The following table shows more information about Grok-1 (from a blog post in November 2023, some information may have been updated):
Model details: Grok-1 is a Transformer-based autoregressive model. xAI fine-tuned the model using a lot of feedback from humans and the earlier Grok-0 model. The initial Grok-1 is able to handle a context length of 8192 tokens. The model was released in November 2023.
Intended use: Grok-1 will serve as the engine behind Grok for natural language processing tasks including question answering, information retrieval, creative writing, and coding assistance.
Limitations: While Grok-1 performs well at processing information, it is critical to have humans review Grok-1’s work to ensure accuracy. The Grok-1 language model does not have the ability to independently search the web. Deploying search tools and databases into Grok could enhance the model’s capabilities and realism. Despite having access to external information sources, the model can still hallucinate.
Training data: The training data used for the Grok-1 release comes from internet data as of the third quarter of 2023 and data provided by xAI’s AI trainers.
Evaluation: xAI evaluated Grok-1 on a range of reasoning benchmark tasks and foreign math exam questions. They worked with early alpha testers to evaluate a version of Grok-1, including adversarial testing. Currently, Grok has opened closed testing access to a portion of early users to further expand the testing population.
In the blog, xAI also announced the construction engineering work of Grok and the general research direction of xAI. Among them, long-context understanding and retrieval, and multimodal capabilities are among the directions that will be explored in the future.
xAI said their vision for building Grok is to create some AI tools to help humans seek understanding and knowledge.

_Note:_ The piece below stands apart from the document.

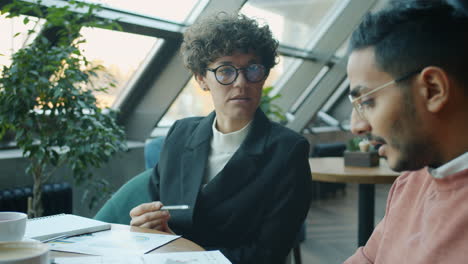 reunión de negocios en una cafetería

Specifically, they hope to achieve the following goals:
Gather feedback to ensure that the AI ​​tools they build can maximize the benefits of all humanity. They believe it is important to design AI tools that are useful to people of all backgrounds and political views. They also hope to empower users through their AI tools while complying with the law. Grok's goal is to explore and publicly demonstrate this approach;
Empowering research and innovation: They want Grok to be a powerful research assistant for everyone, helping them quickly access relevant information, process data, and come up with new ideas.
Their ultimate goal is for their AI tools to aid people in their quest for understanding.
On the X platform, the open source of Grok-1 has sparked a lot of discussion. Notably, the technical community pointed out that the model uses GeGLU in the feedforward layer and uses an interesting sandwich norm technique for normalization. Even OpenAI employees posted a post expressing their interest in the model.
However, there are some things that the open source version of Grok cannot do at present, such as "understanding the world in real time through the X platform". To achieve this function, you still need to subscribe to the paid version deployed on the X platform.
Given Musk's positive attitude towards open source, some technicians are already looking forward to the open source of subsequent versions.